On croisera aussi de grands écrivains, de vrais artistes, qui, eux, appartiennent tous au XXe siècle et/ou sont encore en vie en ce début de XXIe (Pierre Michon, Pierre Guyotat, Hélène Cixous…). C’est une heureuse qualité de cet ouvrage qui ne s’en tient pas aux morts. La littérature n’est pas un cimetière. Leclair, qui n’hésite pas à se citer, parle en situation de débutant et de vivant. Il croit à la transmission et à l’exemplarité. Il reproduit de nombreux et merveilleux incipits qu’il prend soin d’analyser sans jamais les assécher. Restent toujours quelques mots, quelques phrases, qui résistent et enchantent.

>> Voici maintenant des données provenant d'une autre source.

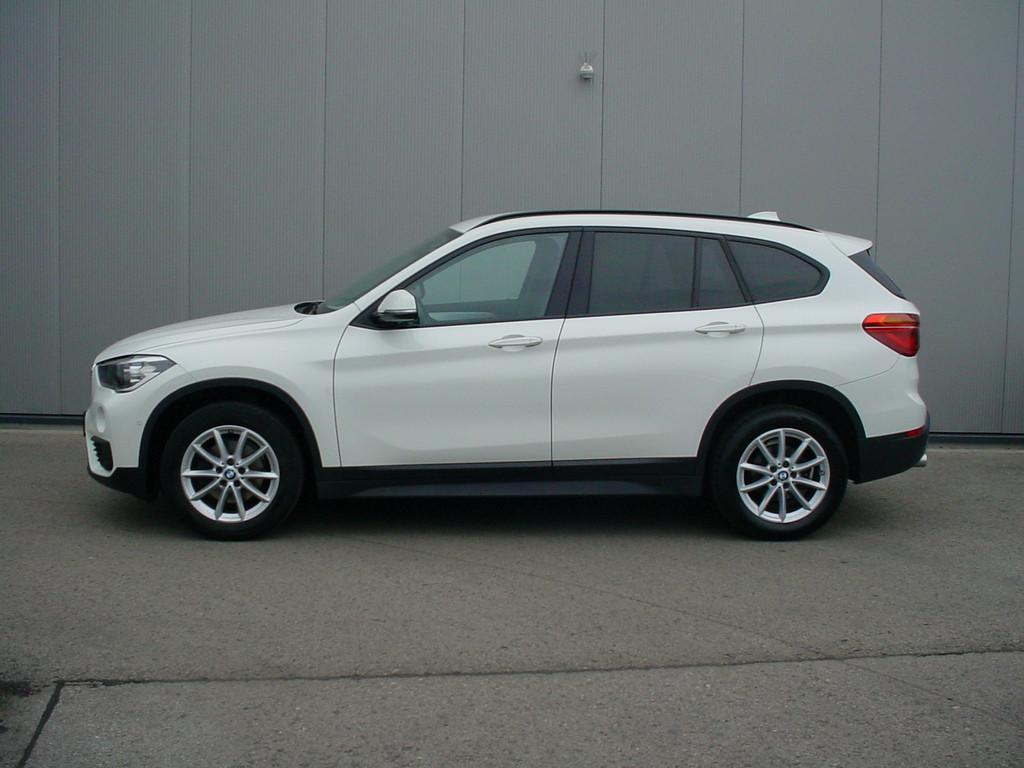 BMW X1*NAVI*SPORTSITZE*PDC****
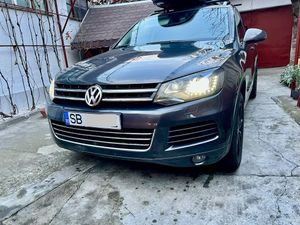 Volkswagen Touareg II [2010 - 2018] 3.0 V6 TDI BMT 2011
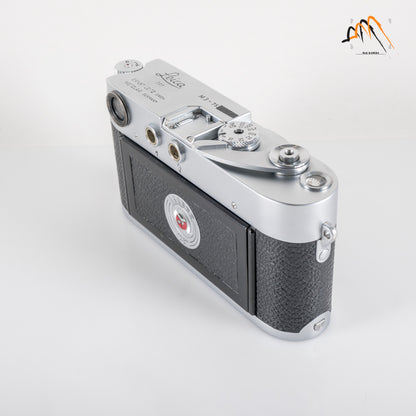 Leica M3 Double Stroke Film Rangefinder Camera #23540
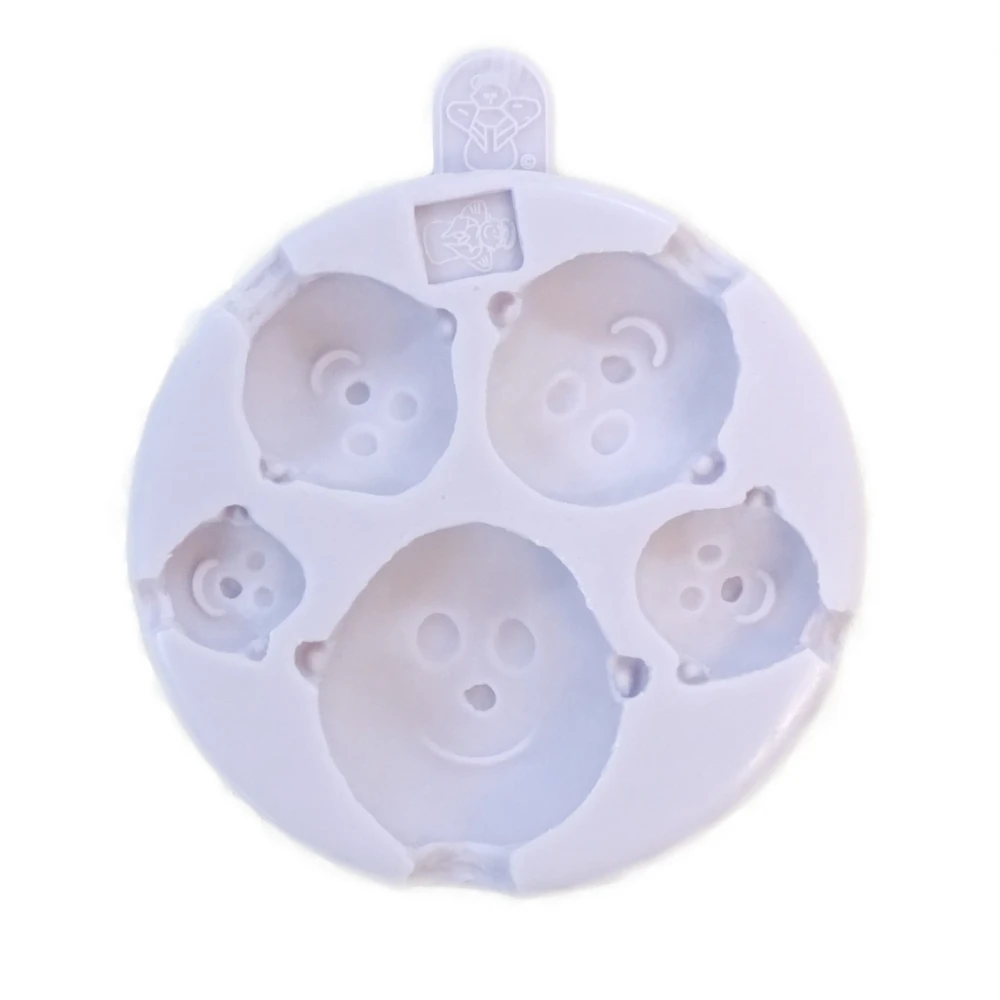 Karen Davies Face And Head Mould 3 Karen Davies Face And Head Mould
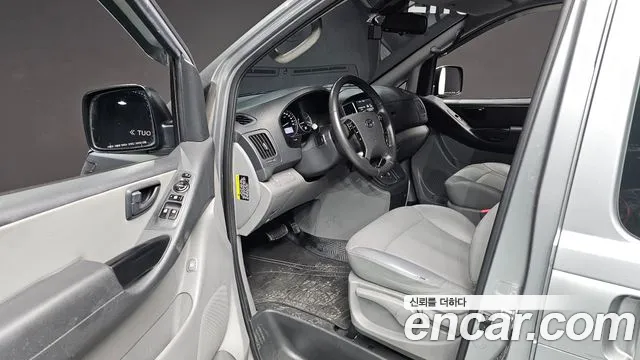 Hyundai The New Grand Starex 2020 Серебряный из Кореи, фото 2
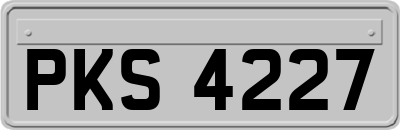 PKS4227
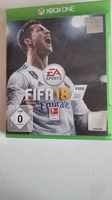 XBox One Fifa 18 Rheinland-Pfalz - Kirchheim an der Weinstraße Vorschau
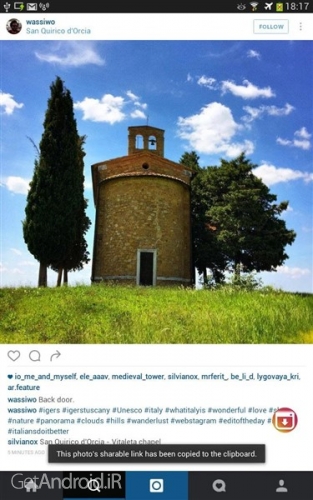 دانلود برنامه Video Downloader - for Instagram Repost App اندروید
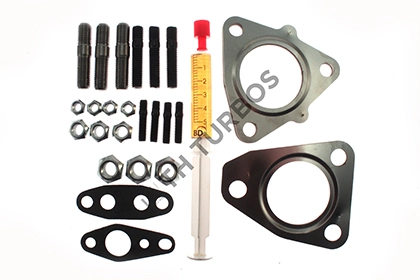 Mounting Kit, charger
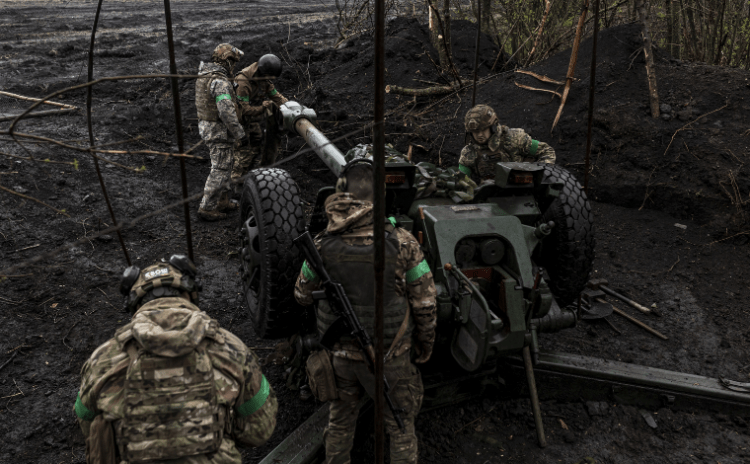 Ukrayna savaşının 441'inci günü: Rus askerleri Bahmut'tan iki kilometre çekildi, ABD'den Ukrayna'ya 1.2 milyar dolarlık destek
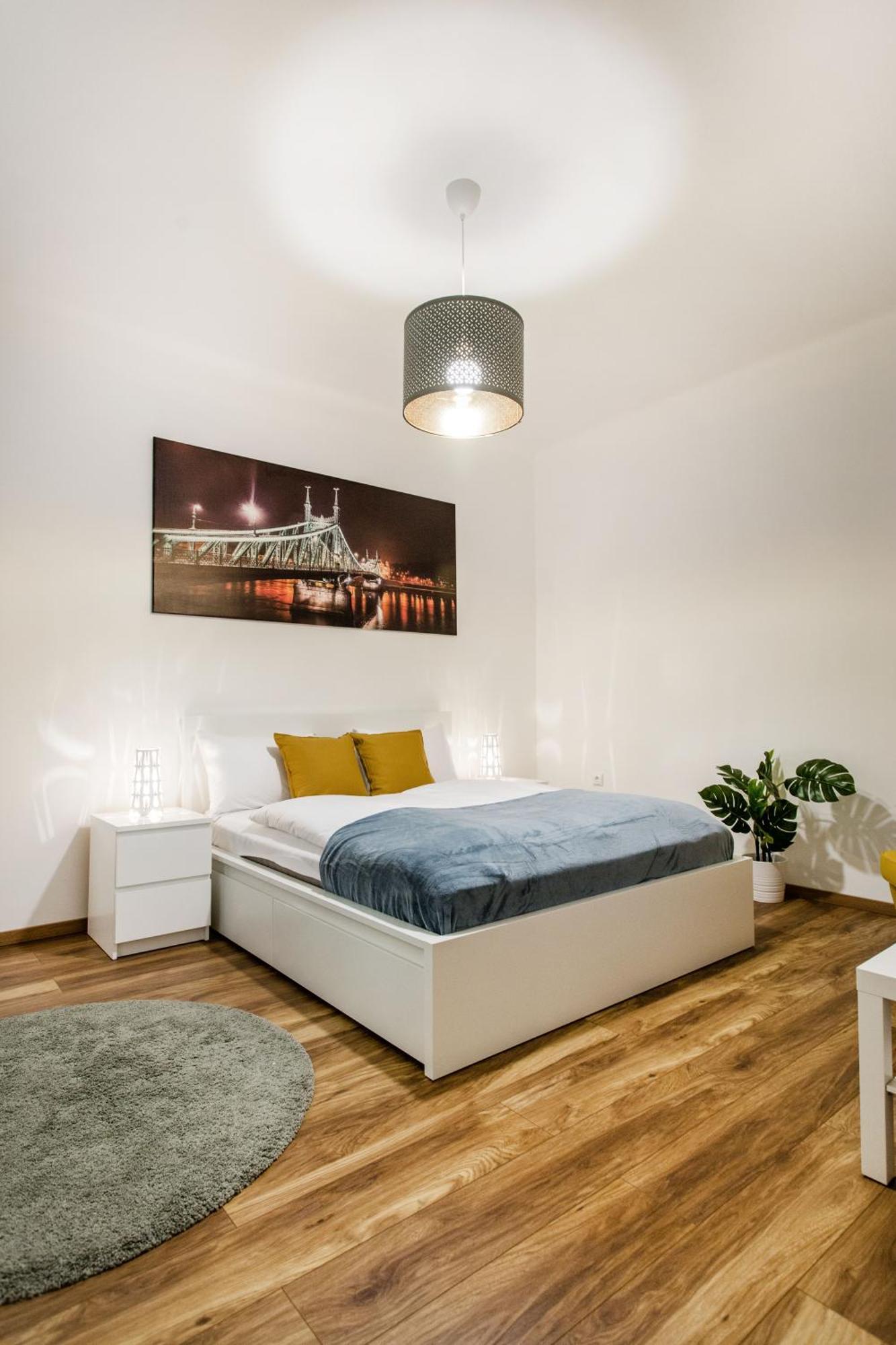 Quiet And Cozy Apartment Near The Danube Budapest Eksteriør bilde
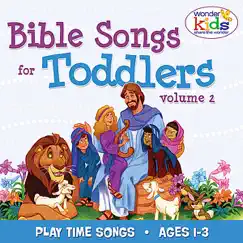 Bible Songs for Toddlers, Vol. 2 by The Wonder Kids album reviews, ratings, credits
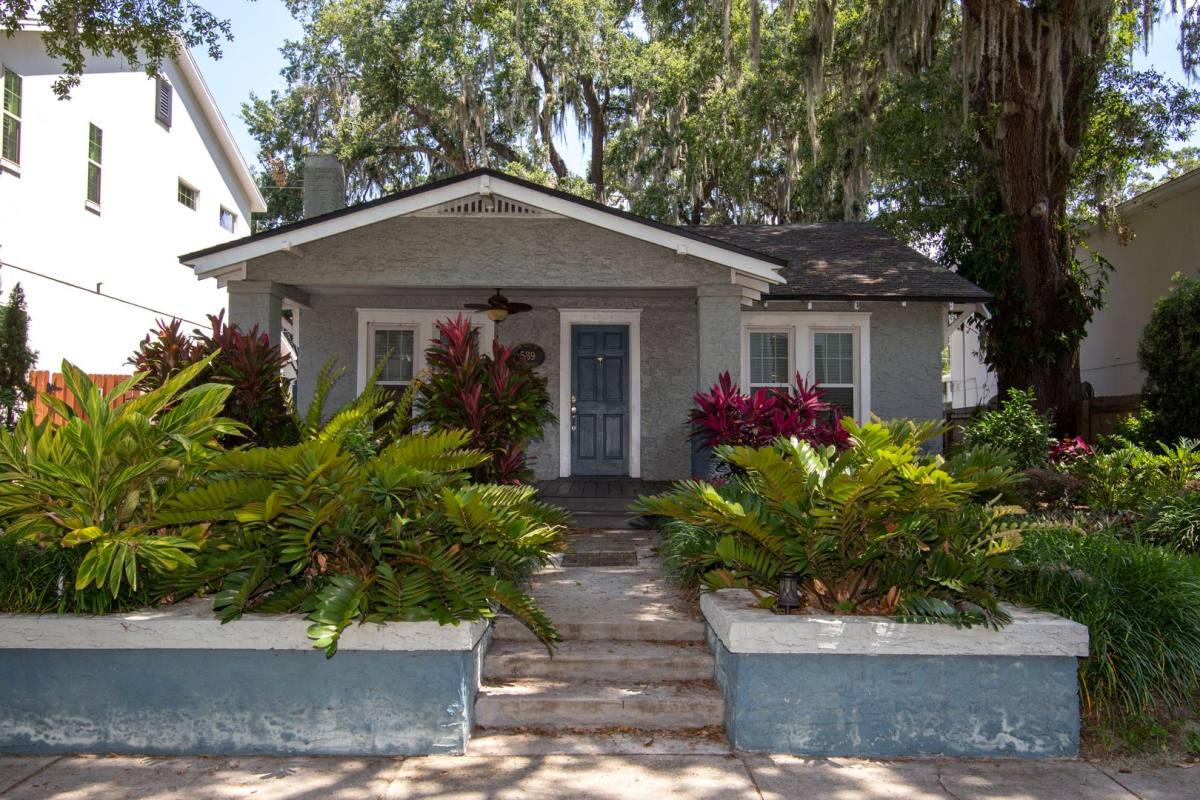 House for rent at 539 W Yale St, Orlando, FL 32804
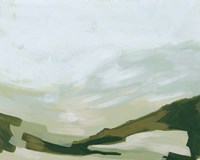 Valley Green I Fine Art Print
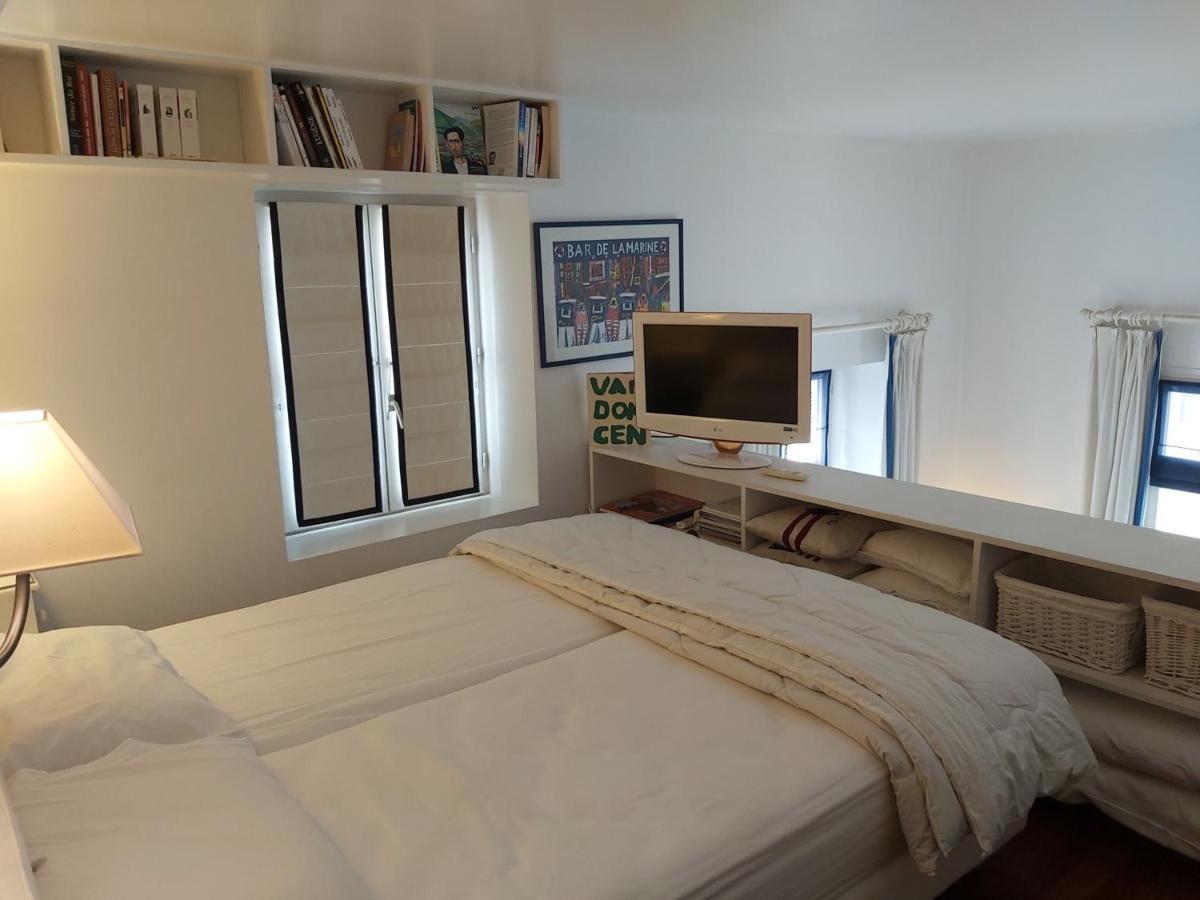 Appartement Saint-Jean-De-Luz, 1 Piece, 4 Personnes - Fr-1-239-485 Saint-Jean-de-Luz Exterior foto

L’écrivain a le courage de distinguer l’art et le divertissement, affirmant que « tous les textes et tous les auteurs ne se valent pas, toutes les lectures et tous les lecteurs non plus, qui n’ont pas une semblable aptitude artistique à interpréter un texte ». Il n’est pas sûr que ce soit une vérité pour tous. La communication et la marchandisation sont des forces pernicieuses, le populisme esthétique et intellectuel fleurit lui aussi. Bertrand Leclair parle d’art, de littérature, un champ distinct de celui des sciences sociales, humaines et politiques ; celles-ci sont des sœurs, mais elles sont autres.
Parce qu’elle exprime justement la puissance de la littérature, sa vitalité, sa capacité de renouvellement et de découverte, nous relèverons une image qui nous a frappée plus que d’autres. Leclair médite sur le sens du verbe « inventer » pour rappeler que le langage juridique, « l’un des plus conservateurs, préserve ce sens ancien du mot lorsqu’il définit celui qui découvre un trésor (par exemple, au fond de l’océan) comme étant “l’inventeur” du trésor. Le même sens se retrouve en liturgie, où l’on célèbre “l’invention de la Sainte-Croix” par sainte Hélène ». On ne saurait imaginer moins cliché et moins rebattu pour circonscrire le fait littéraire, et on sourit en notant que le sens fort appartient aux domaines du droit et de la religion. Ainsi va le jeu entre l’ancien et le nouveau, la conservation et l’innovation.
Bertrand Leclair ne souffre d’aucun mysticisme, mais il a de la hauteur et de l’ambition, pour nous et pour ce qu’on appelait les humanités parce qu’elles accroissaient l’humanité en nous. La vraie croissance est sûrement là.